Search code examples
rperformancelapply

What are the performance differences between for-loops and the apply family of functions?


It is often said that one should prefer lapply over for loops. There are some exception as for example Hadley Wickham points out in his Advance R book.

(http://adv-r.had.co.nz/Functionals.html) (Modifying in place, Recursion etc). The following is one of this case.

Just for sake of learning, I tried to rewrite a perceptron algorithm in a functional form in order to benchmark relative performance. source (https://rpubs.com/FaiHas/197581).

Here is the code.

# prepare input
data(iris)
irissubdf <- iris[1:100, c(1, 3, 5)]
names(irissubdf) <- c("sepal", "petal", "species")
head(irissubdf)
irissubdf$y <- 1
irissubdf[irissubdf[, 3] == "setosa", 4] <- -1
x <- irissubdf[, c(1, 2)]
y <- irissubdf[, 4]

# perceptron function with for
perceptron <- function(x, y, eta, niter) {

  # initialize weight vector
  weight <- rep(0, dim(x)[2] + 1)
  errors <- rep(0, niter)


  # loop over number of epochs niter
  for (jj in 1:niter) {

    # loop through training data set
    for (ii in 1:length(y)) {

      # Predict binary label using Heaviside activation
      # function
      z <- sum(weight[2:length(weight)] * as.numeric(x[ii, 
        ])) + weight[1]
      if (z < 0) {
        ypred <- -1
      } else {
        ypred <- 1
      }

      # Change weight - the formula doesn't do anything
      # if the predicted value is correct
      weightdiff <- eta * (y[ii] - ypred) * c(1, 
        as.numeric(x[ii, ]))
      weight <- weight + weightdiff

      # Update error function
      if ((y[ii] - ypred) != 0) {
        errors[jj] <- errors[jj] + 1
      }

    }
  }

  # weight to decide between the two species

  return(errors)
}

err <- perceptron(x, y, 1, 10)

### my rewriting in functional form auxiliary
### function
faux <- function(x, weight, y, eta) {
  err <- 0
  z <- sum(weight[2:length(weight)] * as.numeric(x)) + 
    weight[1]
  if (z < 0) {
    ypred <- -1
  } else {
    ypred <- 1
  }

  # Change weight - the formula doesn't do anything
  # if the predicted value is correct
  weightdiff <- eta * (y - ypred) * c(1, as.numeric(x))
  weight <<- weight + weightdiff

  # Update error function
  if ((y - ypred) != 0) {
    err <- 1
  }
  err
}

weight <- rep(0, 3)
weightdiff <- rep(0, 3)

f <- function() {
  t <- replicate(10, sum(unlist(lapply(seq_along(irissubdf$y), 
    function(i) {
      faux(irissubdf[i, 1:2], weight, irissubdf$y[i], 
        1)
    }))))
  weight <<- rep(0, 3)
  t
}

I did not expected any consistent improvement due to the aforementioned issues. But nevertheless I was really surprised when I saw the sharp worsening using lapply and replicate.

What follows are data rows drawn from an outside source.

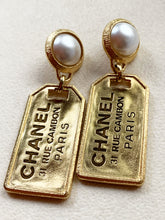 Load image into Gallery viewer, CHANEL MASSIVE 31 RUE CAMBON PEARL LUGGAGE TAG EARRINGS 2020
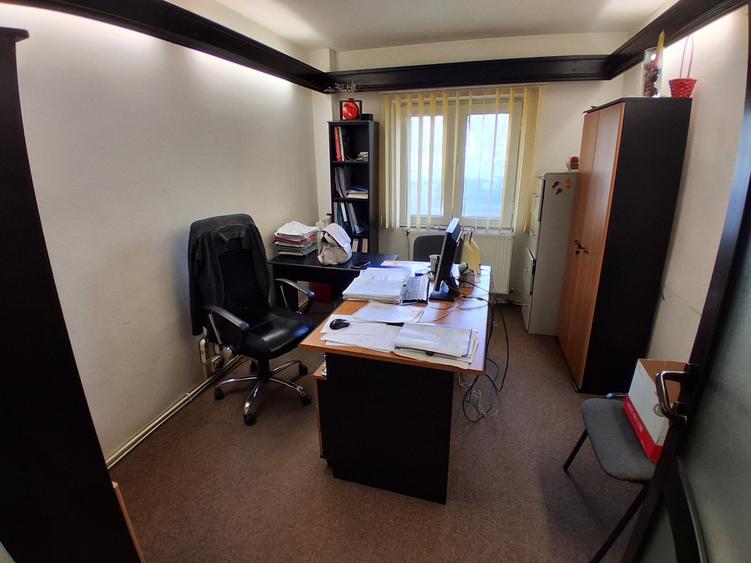 Apartament cu 4 camere decomandat, mobilat în Păcurari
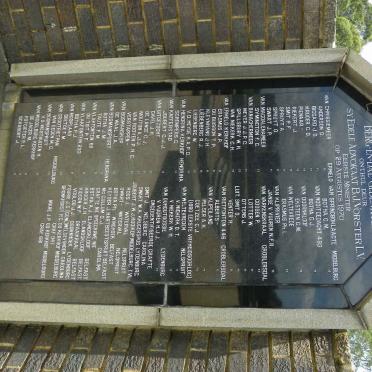 13. Gedenkplaat / Memorial plaque_1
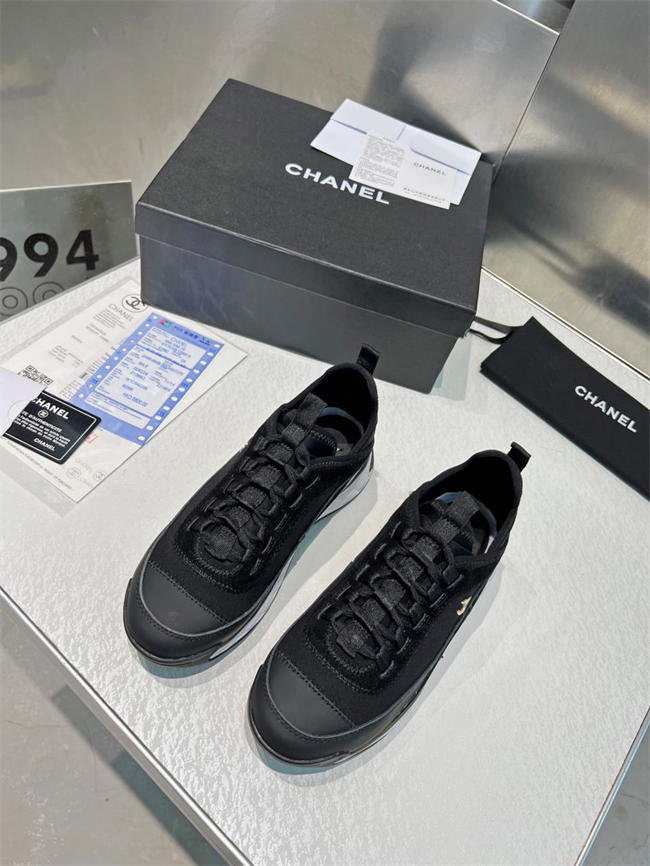 Ch**el trend sneaker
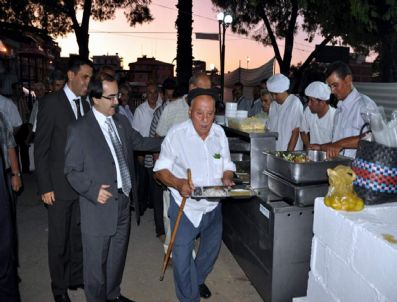 Vali Coş, Orucunu Karpuzlulularla Birlikte Açtı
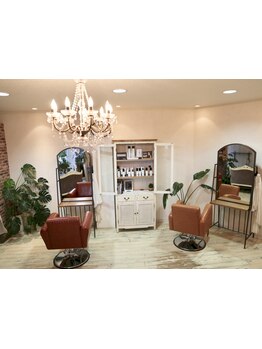 お客様一人ひとりの好みやお悩みを引き出す丁寧なカウンセリングと、オーダーメイドスタイルが大好評◎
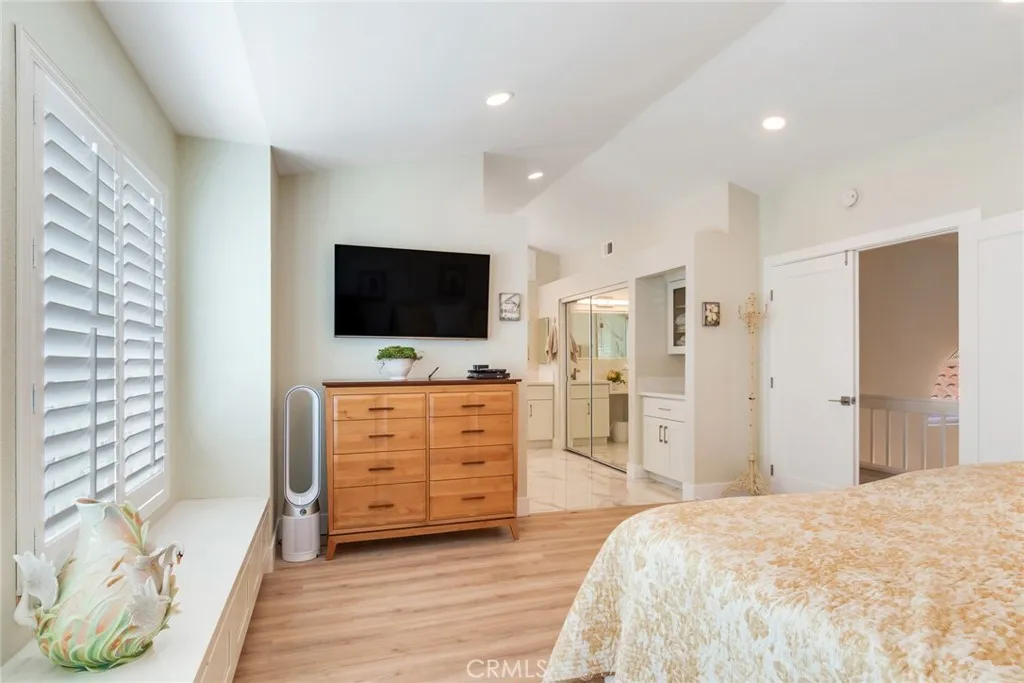 142 Port Royal, Riverside, California 92506 home-pic-22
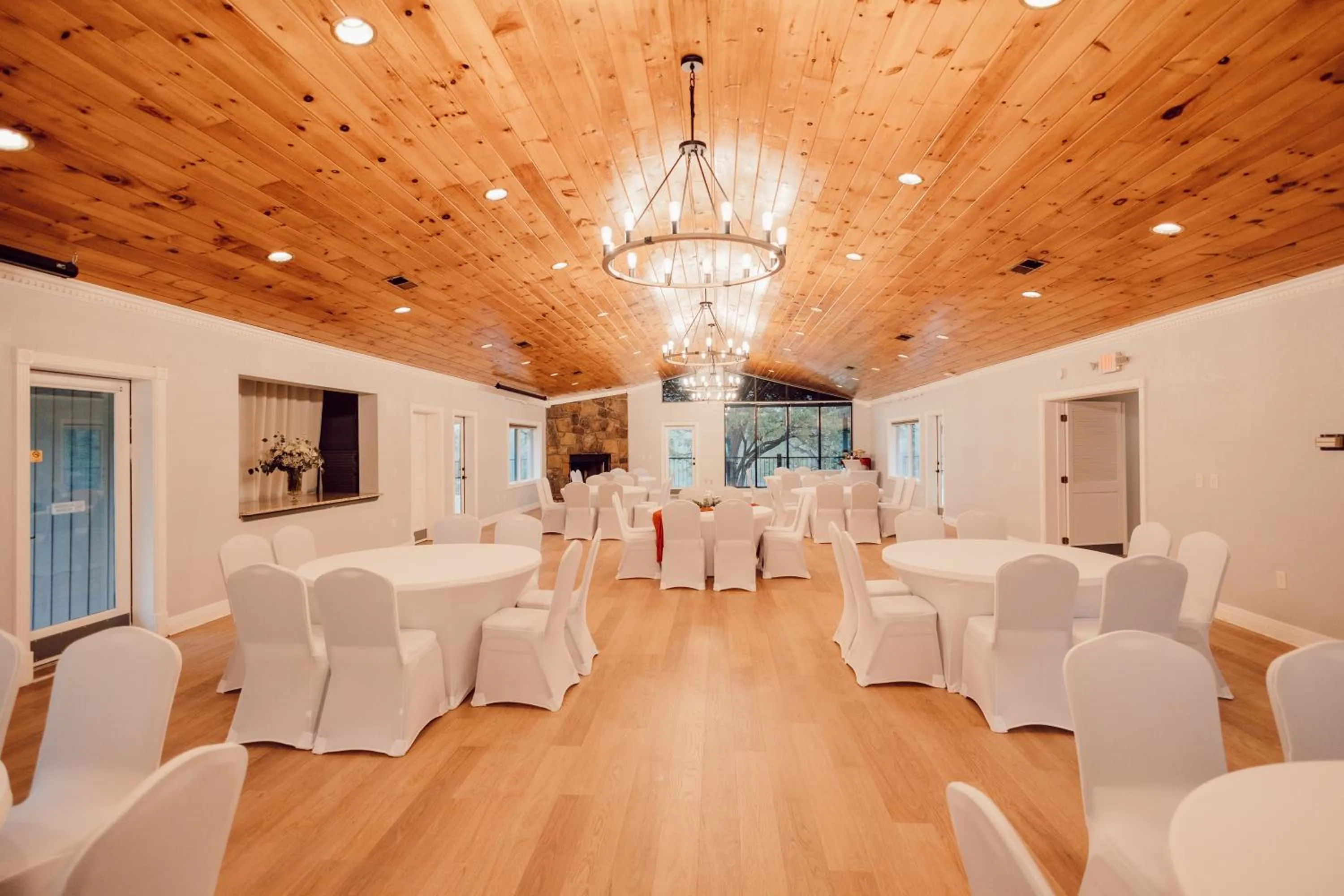 wedding in Tremont Lodge & Resort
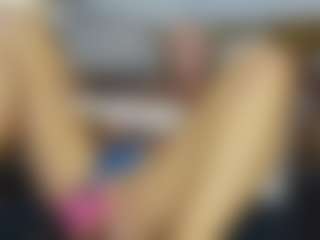 TaylorLove303's Live Sex Cam Show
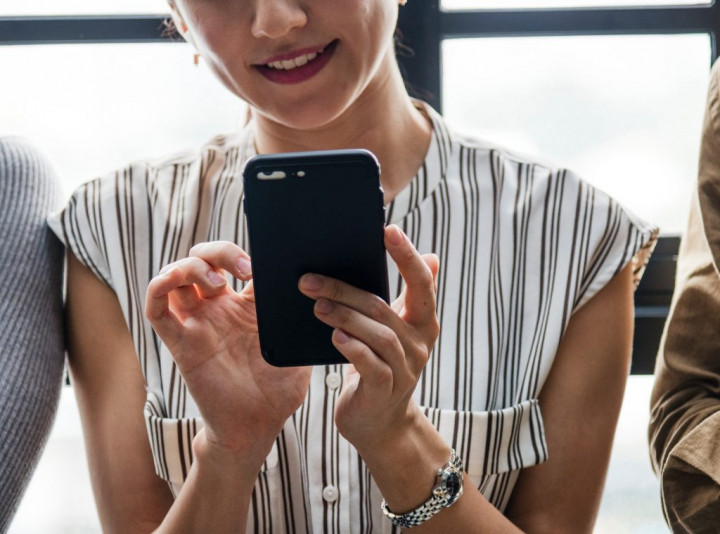 Tips Agar tak Tergoda Mengirim Pesan kepada Mantan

I obtained this results using microbenchmark function from microbenchmark library

What could possibly be the reasons? Could it be some memory leak?

                                                      expr       min         lq       mean     median         uq
                                                        f() 48670.878 50600.7200 52767.6871 51746.2530 53541.2440
  perceptron(as.matrix(irissubdf[1:2]), irissubdf$y, 1, 10)  4184.131  4437.2990  4686.7506  4532.6655  4751.4795
 perceptronC(as.matrix(irissubdf[1:2]), irissubdf$y, 1, 10)    95.793   104.2045   123.7735   116.6065   140.5545
        max neval
 109715.673   100
   6513.684   100
    264.858   100

The first function is the lapply/replicate function

The second is the function with for loops

The third is the same function in C++ using Rcpp

Here According to Roland the profiling of the function. I am not sure I can interpret it in the right way. It looks like to me most of the time is spent in subsetting Function profiling


Solution

  • First of all, it is an already long debunked myth that for loops are any slower than lapply. The for loops in R have been made a lot more performant and are currently at least as fast as lapply.

    That said, you have to rethink your use of lapply here. Your implementation demands assigning to the global environment, because your code requires you to update the weight during the loop. And that is a valid reason to not consider lapply.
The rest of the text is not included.